[Directions]: Reproduce every record below exactly, with the pictures left out.

Provided records Block Start

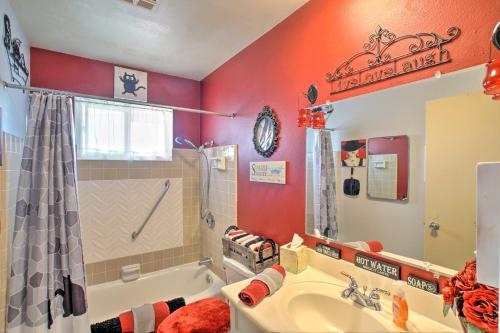Un baño con bañera, ducha y lavabo. en Sun City Escape Less Than 10 Mi to Spring Training and Golf!, en Sun City
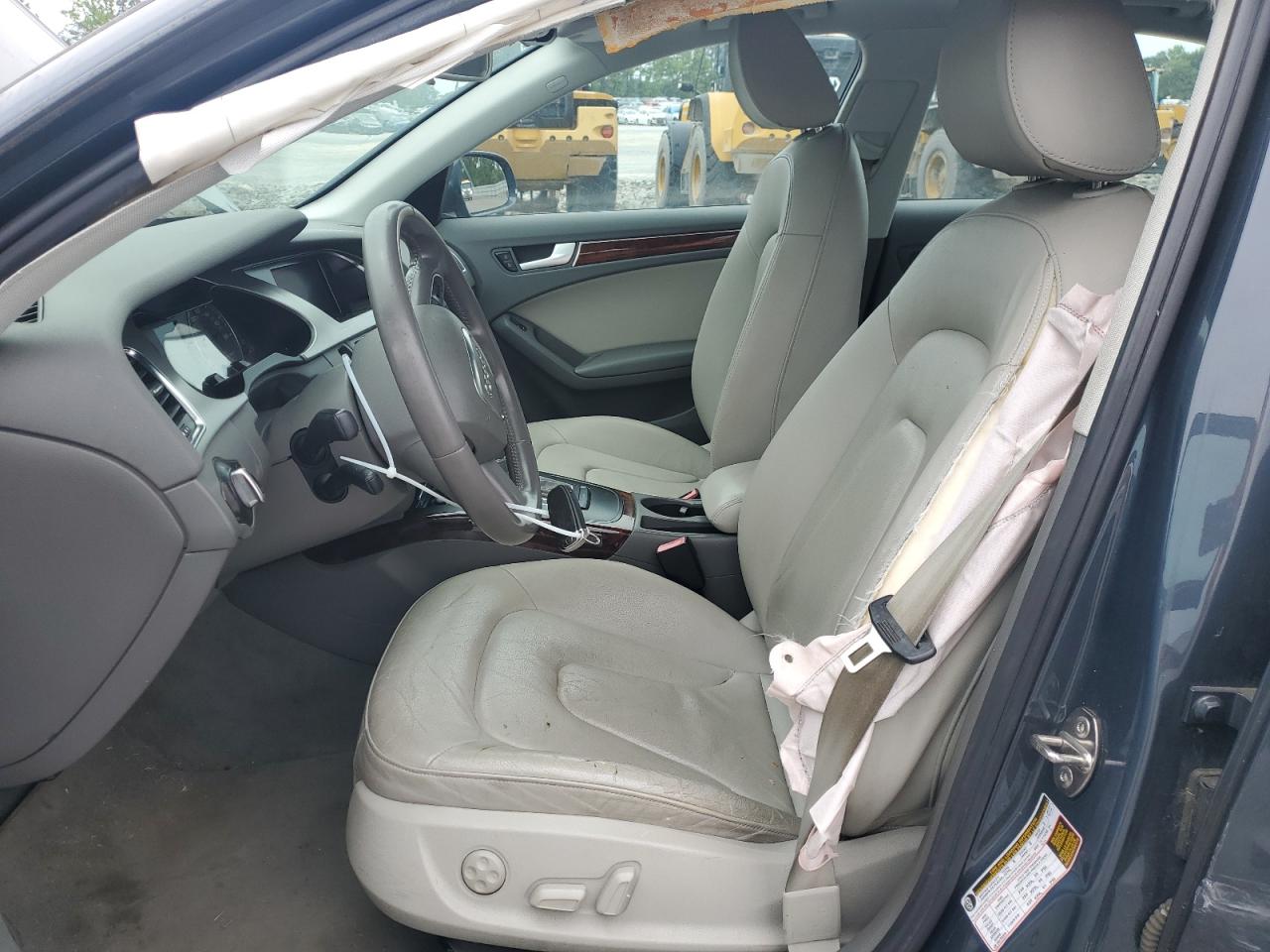 2010 Audi A4 Premium VIN: WAUBFAFL6AN027221 Lot: 53878314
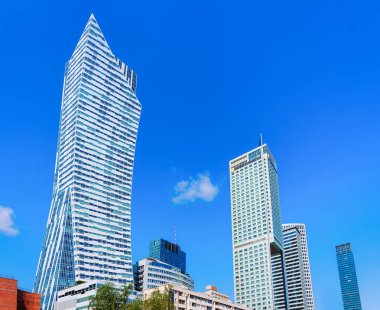 Varşova şehir merkezinde modern gökdelenler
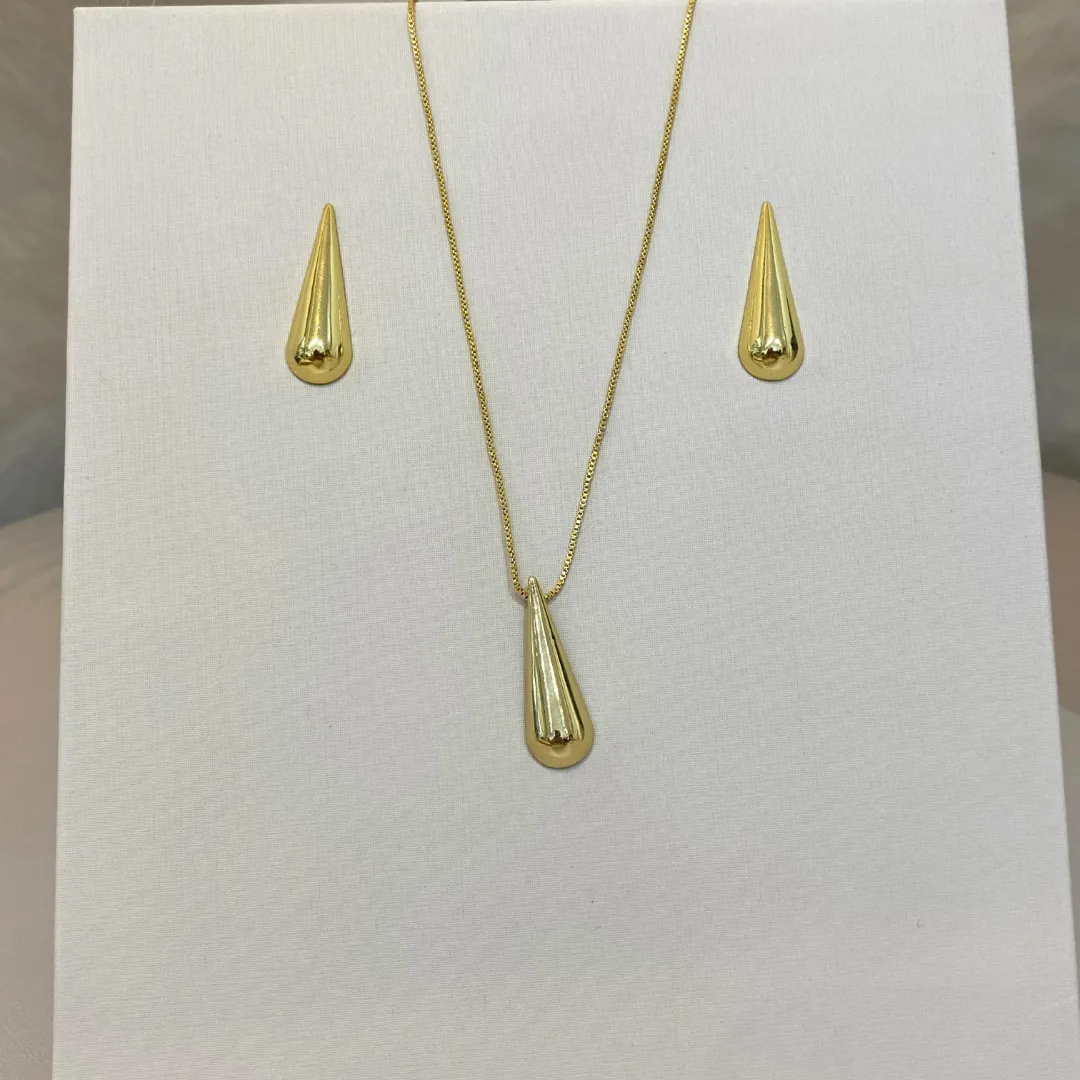 CONJUNTO GOTA ALONGADA FINA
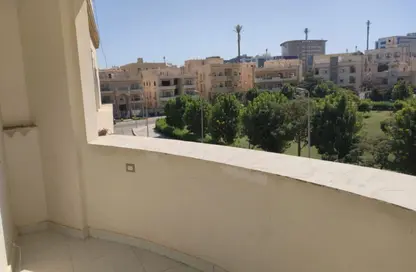 شقة - 3 غرف نوم - 2 حمامات للايجار في محور العروبة - المنطقة أ - حى جنوب الاكايمية - مدينة القاهرة الجديدة - القاهرة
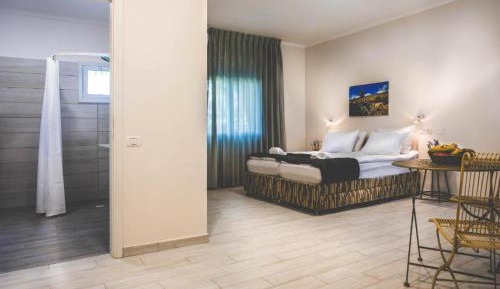 Standard Quadruple Room High Floor (2 adults + 2 children)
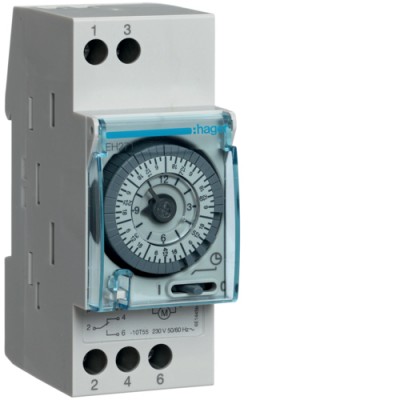 Таймер аналоговый Hager недельный 230В/16А 1 перекл.контакт, запас хода 200 ч. (EH271)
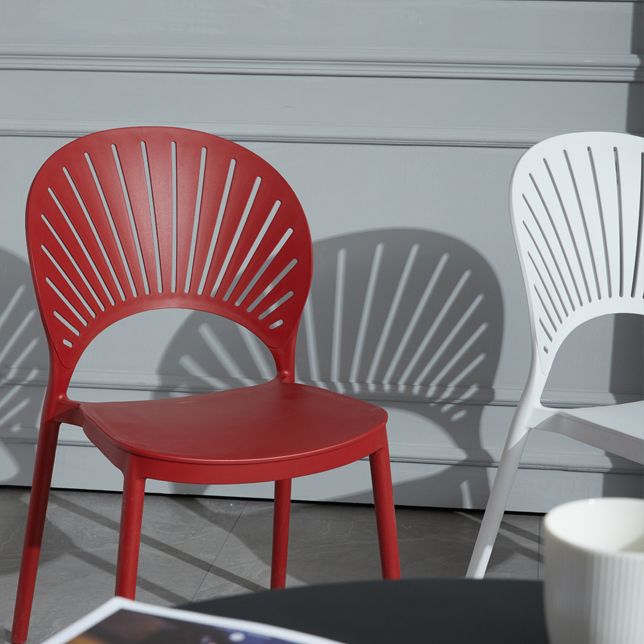Chaises de salle à manger sans bras en plastique scandinave, chaises latérales empilables d'intérieur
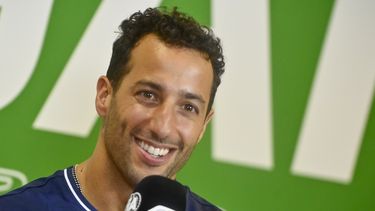 El piloto australiano Daniel Ricciardo, de AlphaTauri, habla en una conferencia de prensa en Budapest, el jueves 20 de julio de 2023 (AP Foto/Denes Erdos)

Provided records Block End

[The answer]:
Un baño con bañera, ducha y lavabo. en Sun City Escape Less Than 10 Mi to Spring Training and Golf!, en Sun City
 2010 Audi A4 Premium VIN: WAUBFAFL6AN027221 Lot: 53878314
 Varşova şehir merkezinde modern gökdelenler
 CONJUNTO GOTA ALONGADA FINA
 شقة - 3 غرف نوم - 2 حمامات للايجار في محور العروبة - المنطقة أ - حى جنوب الاكايمية - مدينة القاهرة الجديدة - القاهرة
 Standard Quadruple Room High Floor (2 adults + 2 children)
 Таймер аналоговый Hager недельный 230В/16А 1 перекл.контакт, запас хода 200 ч. (EH271)
Chaises de salle à manger sans bras en plastique scandinave, chaises latérales empilables d'intérieur
 El piloto australiano Daniel Ricciardo, de AlphaTauri, habla en una conferencia de prensa en Budapest, el jueves 20 de julio de 2023 (AP Foto/Denes Erdos)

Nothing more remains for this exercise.